*** Opening of Record extracts ***
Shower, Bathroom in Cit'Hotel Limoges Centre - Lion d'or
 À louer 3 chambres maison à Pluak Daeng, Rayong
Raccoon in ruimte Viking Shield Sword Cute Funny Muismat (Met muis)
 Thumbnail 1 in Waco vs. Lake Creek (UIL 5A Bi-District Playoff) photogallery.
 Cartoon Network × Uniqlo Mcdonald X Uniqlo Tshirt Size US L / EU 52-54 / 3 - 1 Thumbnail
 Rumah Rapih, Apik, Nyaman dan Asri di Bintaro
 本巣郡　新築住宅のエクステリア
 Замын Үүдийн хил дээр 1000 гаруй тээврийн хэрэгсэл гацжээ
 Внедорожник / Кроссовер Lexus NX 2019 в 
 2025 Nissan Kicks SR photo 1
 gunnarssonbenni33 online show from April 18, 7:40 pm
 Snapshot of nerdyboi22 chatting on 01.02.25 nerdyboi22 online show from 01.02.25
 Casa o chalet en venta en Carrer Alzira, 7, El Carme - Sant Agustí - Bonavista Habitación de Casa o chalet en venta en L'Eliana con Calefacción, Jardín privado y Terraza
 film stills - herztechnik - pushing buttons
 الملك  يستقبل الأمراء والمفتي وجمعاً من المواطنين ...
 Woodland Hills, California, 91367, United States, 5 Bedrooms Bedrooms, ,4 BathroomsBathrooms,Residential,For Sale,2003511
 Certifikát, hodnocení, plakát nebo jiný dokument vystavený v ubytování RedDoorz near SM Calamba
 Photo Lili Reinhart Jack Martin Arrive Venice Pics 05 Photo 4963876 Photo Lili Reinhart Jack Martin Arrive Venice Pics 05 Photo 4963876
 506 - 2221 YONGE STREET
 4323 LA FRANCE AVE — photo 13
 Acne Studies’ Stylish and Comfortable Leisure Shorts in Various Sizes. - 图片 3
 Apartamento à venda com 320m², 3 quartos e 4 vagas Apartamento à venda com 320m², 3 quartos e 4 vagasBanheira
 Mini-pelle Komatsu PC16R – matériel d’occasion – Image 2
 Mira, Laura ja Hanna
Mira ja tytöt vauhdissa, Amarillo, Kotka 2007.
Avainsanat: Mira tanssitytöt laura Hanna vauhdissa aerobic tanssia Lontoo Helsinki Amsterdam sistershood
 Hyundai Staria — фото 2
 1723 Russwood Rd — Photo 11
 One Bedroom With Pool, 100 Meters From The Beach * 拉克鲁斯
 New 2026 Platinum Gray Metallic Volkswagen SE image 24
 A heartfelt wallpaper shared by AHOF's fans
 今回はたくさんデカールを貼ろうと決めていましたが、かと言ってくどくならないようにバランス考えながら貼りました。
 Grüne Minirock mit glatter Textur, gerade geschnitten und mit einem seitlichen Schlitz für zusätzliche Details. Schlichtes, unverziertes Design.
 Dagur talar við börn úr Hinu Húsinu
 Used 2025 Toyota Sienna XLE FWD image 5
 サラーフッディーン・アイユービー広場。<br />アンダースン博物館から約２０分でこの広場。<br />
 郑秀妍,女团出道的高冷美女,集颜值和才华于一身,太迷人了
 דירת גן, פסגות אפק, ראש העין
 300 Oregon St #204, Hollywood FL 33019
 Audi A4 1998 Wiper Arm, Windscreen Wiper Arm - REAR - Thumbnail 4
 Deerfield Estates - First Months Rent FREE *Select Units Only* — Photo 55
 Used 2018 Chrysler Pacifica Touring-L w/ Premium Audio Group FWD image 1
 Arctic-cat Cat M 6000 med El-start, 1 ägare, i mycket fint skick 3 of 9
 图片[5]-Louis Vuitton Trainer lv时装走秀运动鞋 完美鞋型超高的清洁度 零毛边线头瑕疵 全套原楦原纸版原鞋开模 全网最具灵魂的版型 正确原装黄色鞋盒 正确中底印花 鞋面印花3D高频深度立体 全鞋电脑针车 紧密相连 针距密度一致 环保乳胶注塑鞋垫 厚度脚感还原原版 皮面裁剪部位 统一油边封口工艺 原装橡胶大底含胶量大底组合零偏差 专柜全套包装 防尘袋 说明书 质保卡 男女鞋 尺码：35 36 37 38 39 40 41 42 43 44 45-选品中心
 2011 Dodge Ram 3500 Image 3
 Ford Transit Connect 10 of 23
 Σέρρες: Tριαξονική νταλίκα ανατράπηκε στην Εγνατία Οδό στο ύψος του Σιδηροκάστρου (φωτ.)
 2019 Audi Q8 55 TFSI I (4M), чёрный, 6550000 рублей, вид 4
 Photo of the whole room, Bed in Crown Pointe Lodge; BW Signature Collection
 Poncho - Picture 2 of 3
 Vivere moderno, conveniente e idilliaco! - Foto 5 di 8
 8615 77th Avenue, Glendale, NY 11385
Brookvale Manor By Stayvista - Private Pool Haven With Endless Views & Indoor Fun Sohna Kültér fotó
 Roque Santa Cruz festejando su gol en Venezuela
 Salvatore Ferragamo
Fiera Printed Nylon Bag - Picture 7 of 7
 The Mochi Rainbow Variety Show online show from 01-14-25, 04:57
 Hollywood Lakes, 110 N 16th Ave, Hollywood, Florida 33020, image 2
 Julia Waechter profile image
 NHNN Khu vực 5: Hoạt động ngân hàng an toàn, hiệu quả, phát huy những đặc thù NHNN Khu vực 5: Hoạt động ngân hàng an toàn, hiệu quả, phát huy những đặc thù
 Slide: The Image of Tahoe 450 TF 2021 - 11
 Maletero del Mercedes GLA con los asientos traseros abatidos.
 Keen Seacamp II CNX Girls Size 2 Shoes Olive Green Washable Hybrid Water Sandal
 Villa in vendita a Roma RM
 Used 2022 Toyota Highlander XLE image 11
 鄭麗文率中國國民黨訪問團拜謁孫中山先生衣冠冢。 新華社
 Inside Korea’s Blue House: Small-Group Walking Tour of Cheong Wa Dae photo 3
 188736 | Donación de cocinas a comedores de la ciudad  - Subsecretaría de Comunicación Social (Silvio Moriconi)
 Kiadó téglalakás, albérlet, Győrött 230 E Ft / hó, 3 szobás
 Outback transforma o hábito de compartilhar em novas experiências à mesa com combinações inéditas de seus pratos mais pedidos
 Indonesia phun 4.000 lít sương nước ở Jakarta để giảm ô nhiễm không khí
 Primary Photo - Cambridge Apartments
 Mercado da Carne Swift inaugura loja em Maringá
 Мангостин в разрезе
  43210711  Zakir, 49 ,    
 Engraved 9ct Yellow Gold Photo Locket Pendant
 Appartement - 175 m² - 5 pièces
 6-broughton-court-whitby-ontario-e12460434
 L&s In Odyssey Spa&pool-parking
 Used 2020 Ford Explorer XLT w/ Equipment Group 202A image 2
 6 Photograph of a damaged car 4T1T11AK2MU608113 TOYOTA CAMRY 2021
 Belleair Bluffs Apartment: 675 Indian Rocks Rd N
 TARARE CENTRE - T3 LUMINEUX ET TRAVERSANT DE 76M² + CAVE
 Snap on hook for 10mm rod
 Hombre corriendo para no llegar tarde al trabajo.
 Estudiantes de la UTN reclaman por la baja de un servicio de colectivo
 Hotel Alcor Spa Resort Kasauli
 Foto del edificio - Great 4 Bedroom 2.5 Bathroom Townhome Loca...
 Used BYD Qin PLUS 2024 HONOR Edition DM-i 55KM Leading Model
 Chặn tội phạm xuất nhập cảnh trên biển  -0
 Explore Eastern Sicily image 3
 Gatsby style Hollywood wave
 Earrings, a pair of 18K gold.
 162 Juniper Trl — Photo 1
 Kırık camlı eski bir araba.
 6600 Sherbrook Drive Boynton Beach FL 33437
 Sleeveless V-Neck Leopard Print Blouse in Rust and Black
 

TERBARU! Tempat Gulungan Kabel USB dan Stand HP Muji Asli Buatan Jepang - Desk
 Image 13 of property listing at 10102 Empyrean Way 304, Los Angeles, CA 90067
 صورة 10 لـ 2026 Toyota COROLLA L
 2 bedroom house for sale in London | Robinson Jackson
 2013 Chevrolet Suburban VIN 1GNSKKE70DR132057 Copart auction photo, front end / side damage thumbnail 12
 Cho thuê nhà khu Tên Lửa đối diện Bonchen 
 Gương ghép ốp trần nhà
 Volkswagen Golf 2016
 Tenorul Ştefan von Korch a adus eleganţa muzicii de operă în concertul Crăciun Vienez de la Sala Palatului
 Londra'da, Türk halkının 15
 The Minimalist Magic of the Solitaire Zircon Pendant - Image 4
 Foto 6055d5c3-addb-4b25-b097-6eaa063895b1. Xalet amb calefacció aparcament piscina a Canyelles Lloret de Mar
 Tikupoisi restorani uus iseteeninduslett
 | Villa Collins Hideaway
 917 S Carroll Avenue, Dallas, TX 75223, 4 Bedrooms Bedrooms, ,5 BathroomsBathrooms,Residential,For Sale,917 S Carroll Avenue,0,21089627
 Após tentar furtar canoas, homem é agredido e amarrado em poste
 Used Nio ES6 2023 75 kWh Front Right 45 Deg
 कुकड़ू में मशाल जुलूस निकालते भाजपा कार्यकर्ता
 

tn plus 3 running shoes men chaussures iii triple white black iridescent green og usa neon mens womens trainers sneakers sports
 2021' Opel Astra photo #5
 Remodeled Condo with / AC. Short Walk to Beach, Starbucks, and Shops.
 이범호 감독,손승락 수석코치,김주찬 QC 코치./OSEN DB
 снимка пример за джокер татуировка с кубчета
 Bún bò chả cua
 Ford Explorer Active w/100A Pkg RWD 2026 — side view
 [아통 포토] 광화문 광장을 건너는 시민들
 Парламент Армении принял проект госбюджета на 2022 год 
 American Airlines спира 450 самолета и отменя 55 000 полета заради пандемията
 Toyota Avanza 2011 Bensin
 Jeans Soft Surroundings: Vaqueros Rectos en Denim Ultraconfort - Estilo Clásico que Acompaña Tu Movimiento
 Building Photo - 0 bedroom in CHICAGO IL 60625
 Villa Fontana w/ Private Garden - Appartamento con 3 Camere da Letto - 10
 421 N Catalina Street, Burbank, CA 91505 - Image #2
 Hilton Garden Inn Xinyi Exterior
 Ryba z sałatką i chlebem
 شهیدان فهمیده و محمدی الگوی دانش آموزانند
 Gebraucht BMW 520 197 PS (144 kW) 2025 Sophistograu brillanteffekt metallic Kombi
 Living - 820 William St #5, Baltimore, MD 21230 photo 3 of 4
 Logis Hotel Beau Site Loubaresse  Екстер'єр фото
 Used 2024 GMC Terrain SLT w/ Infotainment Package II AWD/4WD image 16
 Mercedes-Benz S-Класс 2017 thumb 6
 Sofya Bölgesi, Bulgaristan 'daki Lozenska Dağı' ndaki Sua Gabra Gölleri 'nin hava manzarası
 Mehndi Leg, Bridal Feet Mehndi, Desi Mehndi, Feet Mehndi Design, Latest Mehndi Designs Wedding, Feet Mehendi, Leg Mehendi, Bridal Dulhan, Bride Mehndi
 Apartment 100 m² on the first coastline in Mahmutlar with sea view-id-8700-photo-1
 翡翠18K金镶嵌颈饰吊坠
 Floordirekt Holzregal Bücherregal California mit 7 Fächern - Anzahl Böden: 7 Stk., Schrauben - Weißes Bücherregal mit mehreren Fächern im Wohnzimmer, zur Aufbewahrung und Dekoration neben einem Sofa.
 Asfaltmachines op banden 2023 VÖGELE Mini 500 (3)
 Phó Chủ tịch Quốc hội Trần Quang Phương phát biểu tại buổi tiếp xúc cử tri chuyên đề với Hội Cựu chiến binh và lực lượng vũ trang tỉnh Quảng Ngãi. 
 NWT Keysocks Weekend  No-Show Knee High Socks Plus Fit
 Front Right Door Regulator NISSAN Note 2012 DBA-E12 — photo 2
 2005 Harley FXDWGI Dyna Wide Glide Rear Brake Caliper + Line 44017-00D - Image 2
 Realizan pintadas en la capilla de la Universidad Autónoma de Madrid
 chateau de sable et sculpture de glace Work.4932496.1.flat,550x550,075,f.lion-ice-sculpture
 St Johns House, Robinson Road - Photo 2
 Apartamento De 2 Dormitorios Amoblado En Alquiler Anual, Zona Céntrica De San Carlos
*** Close of Record extracts ***
What the task requires> In the listing above, find the line containing "gunnarssonbenni33 online show" and the line containing "Snapshot of nerdyboi22", then retype both and every line between them exactly, with nothing else.

Completed exercise>
 gunnarssonbenni33 online show from April 18, 7:40 pm
 Snapshot of nerdyboi22 chatting on 01.02.25 nerdyboi22 online show from 01.02.25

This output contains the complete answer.